By Randy Hutchinson
President of the BBB
Reprinted from The Commercial Appeal
Published Jan. 14th, 2024
The Children’s Online Privacy Protection Act (COPPA) requires online services and websites directed to children under 13 to notify parents about the personal information they collect about children and how it will be used; and to obtain parental consent before collecting and using it. The notice must include a link to their privacy policy with more details and, if parents provide consent, enable them to review the information that the website or service collects about their child and delete it. They have the right to revoke their consent at any time.
How serious is the FTC about compliance with COPPA? In 2023, it settled four cases alleging companies violated the law.

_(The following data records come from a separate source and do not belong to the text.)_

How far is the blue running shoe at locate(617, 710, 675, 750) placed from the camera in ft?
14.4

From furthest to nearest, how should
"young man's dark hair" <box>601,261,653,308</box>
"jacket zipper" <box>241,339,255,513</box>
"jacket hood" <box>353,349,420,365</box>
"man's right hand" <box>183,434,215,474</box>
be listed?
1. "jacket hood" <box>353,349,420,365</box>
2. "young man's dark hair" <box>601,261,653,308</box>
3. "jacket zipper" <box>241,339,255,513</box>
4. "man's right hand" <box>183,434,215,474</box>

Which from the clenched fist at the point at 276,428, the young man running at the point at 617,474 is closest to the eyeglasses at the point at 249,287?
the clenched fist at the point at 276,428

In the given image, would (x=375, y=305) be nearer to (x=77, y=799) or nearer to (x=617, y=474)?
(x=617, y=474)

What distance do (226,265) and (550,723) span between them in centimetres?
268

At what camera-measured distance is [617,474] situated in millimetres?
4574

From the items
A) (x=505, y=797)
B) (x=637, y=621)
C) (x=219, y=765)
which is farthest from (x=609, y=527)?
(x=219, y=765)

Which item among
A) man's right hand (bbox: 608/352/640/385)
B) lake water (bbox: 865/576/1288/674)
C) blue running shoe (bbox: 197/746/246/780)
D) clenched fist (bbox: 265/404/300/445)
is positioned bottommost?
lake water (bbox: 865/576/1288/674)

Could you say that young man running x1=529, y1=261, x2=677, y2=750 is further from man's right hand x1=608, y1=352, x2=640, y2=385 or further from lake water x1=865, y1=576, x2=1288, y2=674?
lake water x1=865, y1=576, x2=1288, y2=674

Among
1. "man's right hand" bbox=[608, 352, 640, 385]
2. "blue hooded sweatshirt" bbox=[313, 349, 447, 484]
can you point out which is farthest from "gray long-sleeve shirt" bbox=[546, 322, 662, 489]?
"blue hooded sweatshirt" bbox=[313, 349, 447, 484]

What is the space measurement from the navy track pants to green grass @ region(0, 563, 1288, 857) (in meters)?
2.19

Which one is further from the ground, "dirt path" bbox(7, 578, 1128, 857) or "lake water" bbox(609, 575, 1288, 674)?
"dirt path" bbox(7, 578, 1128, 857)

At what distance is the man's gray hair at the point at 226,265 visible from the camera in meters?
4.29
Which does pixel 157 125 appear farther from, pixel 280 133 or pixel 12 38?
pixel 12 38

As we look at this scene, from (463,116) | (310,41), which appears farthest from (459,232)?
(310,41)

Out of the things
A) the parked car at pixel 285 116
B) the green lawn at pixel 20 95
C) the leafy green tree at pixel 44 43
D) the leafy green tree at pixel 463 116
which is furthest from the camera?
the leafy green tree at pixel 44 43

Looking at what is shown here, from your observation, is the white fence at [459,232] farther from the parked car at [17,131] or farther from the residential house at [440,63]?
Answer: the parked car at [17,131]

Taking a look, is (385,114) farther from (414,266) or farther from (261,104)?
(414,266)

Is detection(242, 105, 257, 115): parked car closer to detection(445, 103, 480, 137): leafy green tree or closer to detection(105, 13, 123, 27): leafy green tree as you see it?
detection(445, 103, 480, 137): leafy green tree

Edmodo operated platforms and apps that let teachers create virtual classrooms that as many as 600,000 students under 13 participated in. Kids had to provide their names and email addresses and sometimes their date of birth, phone number and other identifying information. COPPA allows schools to authorize the collection of kids’ information on behalf of parents under limited circumstances, but the company collecting the information is still required to provide proper notices to the schools. The FTC alleged that Edmodo didn’t provide the notices and that it also illegally used the information to serve up targeted ads. Edmodo suspended its U.S. operations in the midst of the FTC investigation.

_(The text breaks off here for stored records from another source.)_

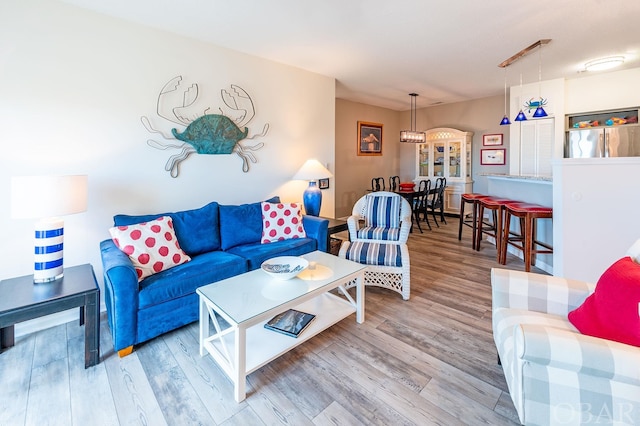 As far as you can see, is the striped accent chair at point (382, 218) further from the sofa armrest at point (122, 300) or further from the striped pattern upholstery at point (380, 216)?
the sofa armrest at point (122, 300)

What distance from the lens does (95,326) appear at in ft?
6.09

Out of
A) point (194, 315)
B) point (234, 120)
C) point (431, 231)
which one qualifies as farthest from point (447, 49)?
point (194, 315)

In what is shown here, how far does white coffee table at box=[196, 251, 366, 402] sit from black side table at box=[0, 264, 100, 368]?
64cm

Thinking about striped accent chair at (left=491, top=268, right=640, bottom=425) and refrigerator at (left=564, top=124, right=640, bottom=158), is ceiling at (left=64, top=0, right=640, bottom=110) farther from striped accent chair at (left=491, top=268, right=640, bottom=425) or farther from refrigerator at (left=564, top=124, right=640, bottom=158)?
striped accent chair at (left=491, top=268, right=640, bottom=425)

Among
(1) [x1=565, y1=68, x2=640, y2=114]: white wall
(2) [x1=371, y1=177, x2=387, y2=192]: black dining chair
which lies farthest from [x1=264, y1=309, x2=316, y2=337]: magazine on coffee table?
(1) [x1=565, y1=68, x2=640, y2=114]: white wall

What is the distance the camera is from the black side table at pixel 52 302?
65.7 inches

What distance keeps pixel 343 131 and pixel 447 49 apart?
287cm

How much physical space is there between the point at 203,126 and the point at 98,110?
2.88ft

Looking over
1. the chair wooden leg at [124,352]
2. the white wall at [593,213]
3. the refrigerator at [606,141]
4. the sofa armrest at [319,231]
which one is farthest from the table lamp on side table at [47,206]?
the refrigerator at [606,141]

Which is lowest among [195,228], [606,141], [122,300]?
[122,300]

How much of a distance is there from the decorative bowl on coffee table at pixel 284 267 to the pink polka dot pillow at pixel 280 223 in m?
0.84

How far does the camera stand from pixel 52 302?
1.74m

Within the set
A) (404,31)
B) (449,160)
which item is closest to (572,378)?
(404,31)

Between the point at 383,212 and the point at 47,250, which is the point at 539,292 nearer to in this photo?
the point at 383,212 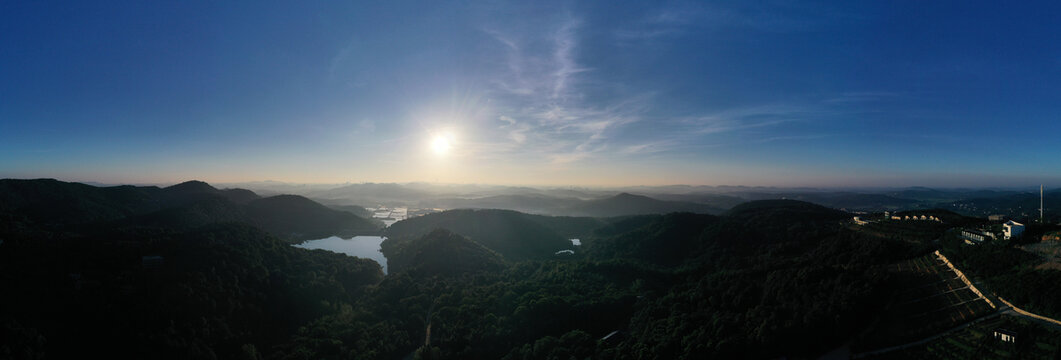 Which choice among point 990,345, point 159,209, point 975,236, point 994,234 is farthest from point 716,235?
point 159,209

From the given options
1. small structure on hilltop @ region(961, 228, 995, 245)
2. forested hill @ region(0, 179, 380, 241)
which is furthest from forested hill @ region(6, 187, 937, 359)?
forested hill @ region(0, 179, 380, 241)

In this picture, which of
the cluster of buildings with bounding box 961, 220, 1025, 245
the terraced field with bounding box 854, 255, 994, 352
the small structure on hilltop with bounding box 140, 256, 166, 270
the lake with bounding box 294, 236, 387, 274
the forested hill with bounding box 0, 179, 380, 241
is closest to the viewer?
the terraced field with bounding box 854, 255, 994, 352

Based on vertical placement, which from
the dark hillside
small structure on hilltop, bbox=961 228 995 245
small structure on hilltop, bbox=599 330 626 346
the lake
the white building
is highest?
the white building

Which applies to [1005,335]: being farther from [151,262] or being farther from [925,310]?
[151,262]

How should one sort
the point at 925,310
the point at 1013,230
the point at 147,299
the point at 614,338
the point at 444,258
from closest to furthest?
the point at 925,310
the point at 1013,230
the point at 147,299
the point at 614,338
the point at 444,258

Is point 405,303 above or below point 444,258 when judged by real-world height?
below

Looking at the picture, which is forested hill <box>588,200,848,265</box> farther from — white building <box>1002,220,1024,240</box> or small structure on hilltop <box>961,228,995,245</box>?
white building <box>1002,220,1024,240</box>
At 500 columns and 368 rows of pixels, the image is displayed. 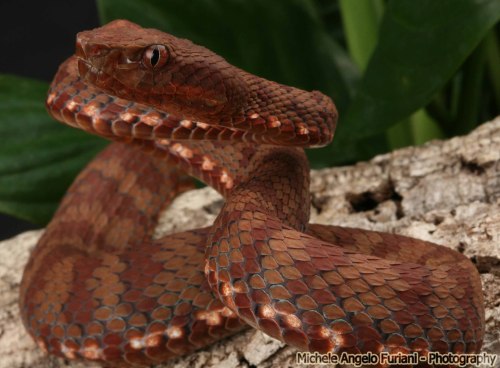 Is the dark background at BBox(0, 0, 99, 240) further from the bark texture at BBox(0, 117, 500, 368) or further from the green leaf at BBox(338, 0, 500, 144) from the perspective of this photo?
the green leaf at BBox(338, 0, 500, 144)

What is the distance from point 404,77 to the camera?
9.20 ft

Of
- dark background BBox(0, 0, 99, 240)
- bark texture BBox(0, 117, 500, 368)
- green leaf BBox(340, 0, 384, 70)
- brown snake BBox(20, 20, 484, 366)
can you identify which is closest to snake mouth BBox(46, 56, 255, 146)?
brown snake BBox(20, 20, 484, 366)

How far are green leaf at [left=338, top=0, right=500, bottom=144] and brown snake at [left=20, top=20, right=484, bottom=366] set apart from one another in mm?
546

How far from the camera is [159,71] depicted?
1.92 m

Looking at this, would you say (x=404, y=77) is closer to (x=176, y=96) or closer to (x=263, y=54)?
(x=263, y=54)

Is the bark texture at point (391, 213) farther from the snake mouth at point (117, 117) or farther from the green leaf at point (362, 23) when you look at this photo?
the green leaf at point (362, 23)

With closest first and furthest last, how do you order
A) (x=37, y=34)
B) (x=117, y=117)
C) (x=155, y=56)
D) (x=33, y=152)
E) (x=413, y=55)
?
(x=155, y=56)
(x=117, y=117)
(x=413, y=55)
(x=33, y=152)
(x=37, y=34)

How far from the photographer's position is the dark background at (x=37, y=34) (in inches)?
209

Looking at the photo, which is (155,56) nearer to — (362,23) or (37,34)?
(362,23)

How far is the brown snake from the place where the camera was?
5.79 ft

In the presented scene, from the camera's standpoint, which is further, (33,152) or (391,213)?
(33,152)

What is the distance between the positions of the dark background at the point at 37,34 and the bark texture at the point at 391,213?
268cm

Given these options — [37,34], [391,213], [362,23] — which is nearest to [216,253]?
[391,213]

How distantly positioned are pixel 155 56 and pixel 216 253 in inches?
19.9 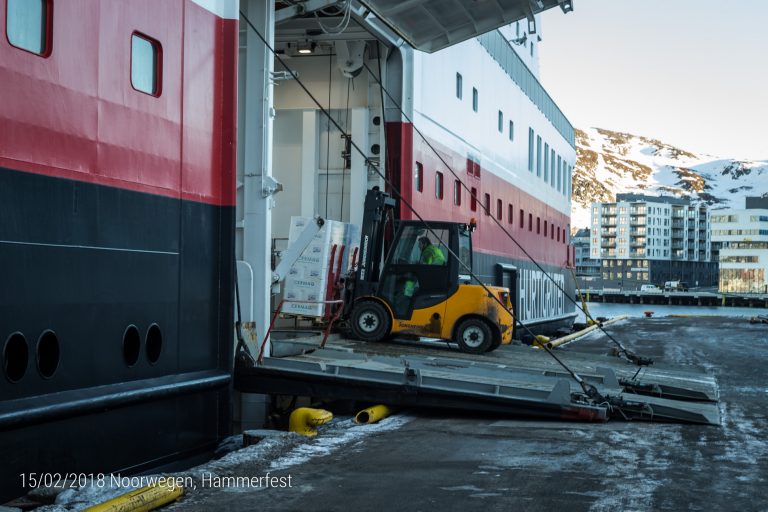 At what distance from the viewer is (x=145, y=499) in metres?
6.54

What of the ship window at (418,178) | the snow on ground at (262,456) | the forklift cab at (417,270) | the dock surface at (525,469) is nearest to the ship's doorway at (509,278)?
the ship window at (418,178)

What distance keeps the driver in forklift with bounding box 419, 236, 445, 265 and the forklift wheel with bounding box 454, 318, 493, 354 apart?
1144 millimetres

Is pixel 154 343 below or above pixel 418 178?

The FTC reached a $20 million settlement with Microsoft after alleging the company collected information from young users of its Xbox gaming products before getting parental permission. Microsoft then required kids under 13 to get their parents involved, but the FTC said Microsoft retained the data, sometimes for years, even when parents didn’t consent. COPPA prohibits retaining information on kids under 13 longer than is reasonably necessary to fulfill the purpose it was collected for.
The Department of Justice settled a case on behalf of the FTC alleging Amazon deceived parents and users of its Alexa voice assistant service about its data deletion practices. The FTC said Amazon retained young children’s voice recordings indefinitely unless a parent requested the information be deleted and sometimes failed to delete it from all databases.
The most serious case, including a record $275 million civil penalty, involved Epic Games, the maker of the highly popular online game Fortnite. The FTC says a substantial number of the 400 million users of the game are kids under 13 and that Epic collected their full names, email addresses, usernames, and other personal information without getting parental consent. The FTC also said:
In a separate action, Epic agreed to pay another $245 million in refunds for unwanted charges users were tricked into making, a practice the FTC calls a “dark pattern.”
In addition to the monetary penalties, the settlements require all of the companies to reform their practices to comply with COPPA.